TOMEMOS un independentista cualquiera. Lo han llamado Jordi porque así se llamaba su abuelo. En la misma cuna recibe Jordi el crisma de una identidad, la catalana, que dura ya un milenio, en el transcurso del cual asombró al mundo con la mística abulense, la redacción del Quijote, el descubrimiento de América o la defensa fallida de Barcelona. Ese cuerpo místico que es la catalanidad, de la cual Jordi no es otra cosa que un nuevo operario, se expresa a través de la lengua catalana, de la cual Jordi chapurreará alrededor de 50 palabras a partir de los dos años, según las últimas estadísticas. Es posible que en sus primeras parrafadas se le deslicen balbuceos de una lengua extranjera, hablada por pastores que no han visto el mar. Pero los pediatras autóctonos aseguran que no hay razón para alarmarse: la confusión a esas edades es natural. Ya se corregirá en los patios de la escuela, siempre que estén vigilados por verdaderos patriotas.
Pasado un tiempo Jordi aprenderá a leer y a escribir. Su uso de razón se desarrollará en la tierna oscuridad de las raíces, a imagen del tallo de un calçot, por más que los insidiosos afirmen que también se cultivan en Consuegra. Pronto estará Jordi capacitado para distinguir el bien del mal, el catalán del español, el Barça del Madrid, la emancipación pendiente del DNI vigente. Con las primeras fiebres de la adolescencia despertará al interés por las chicas y por la política, se enamorará, perderá toda virginidad ideológica y le romperán el corazón, pero Catalunya nunca le abandonará. La bandera íntima de las cuatro barras nunca le helará el corazón, que es el órgano donde Jordi tiene radicado el compromiso de país, liberando el cerebro para los negocios.

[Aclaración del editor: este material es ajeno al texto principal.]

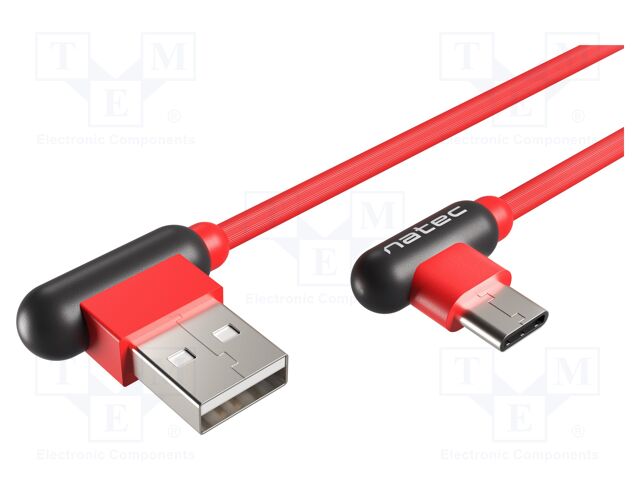 Cable; USB 2.0; USB A angled plug,USB C angled plug; 0.1m; red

Va cumpliendo los ritos de paso con blindada normalidad: nadie sospecharía la proporción de nietos de andaluces y murcianos que pueblan las aulas donde se uniforma Jordi, con todos sus compañeros. Cuyos ancestros votaban socialismo porque trabajaban doblando el lomo para los señoritos de la pérgola y el tenis. Ahora todos han prosperado o lo pretenden, y votan JxSí que es el signo definitivo de la integración; pero no se trata sólo de hacerse perdonar orígenes vergonzantes, sino de colocarse en la posición más inteligente para saludar la prebenda que pasa, que es la posición de firmes.
En la universidad conoce Jordi la epifanía del activismo. Sigue la prensa nacional del movimiento y combate las falacias de la foránea, empezando por la separación de poderes y la soberanía constitucional. Aunque la juventud propende a la anarquía, Jordi es demasiado sensible para ocuparse de su futuro ahora que la patria demanda brazos viriles que la desaten. Acude a las manifas de la ANC, imagina hoces segando la mies enemiga, corea los lemas de la libertad, encadena las manos y desfila en formación de V. Al principio le disgusta enterarse de que los suyos también roban, pero pronto aprende a diluir su culpa por comparación con la ciénaga mesetaria. Le indignarán las imputaciones de sus representantes, porque una cosa es la belleza publicitaria del martirio y otra que te inhabiliten en serio, no fotis. Y las redadas del 3% le pillarán sacando billete para arropar al president Mas ante los inquisidores unionistas.
El independentista es un creyente canónico porque el sentido de su militancia depende de que existan el infierno corrupto de España y el cielo fiscal de Cataluña. Le dicen que el asalto a ese cielo está al caer. Aún no sabe que la vida va en serio. Lo empezará a comprender más tarde.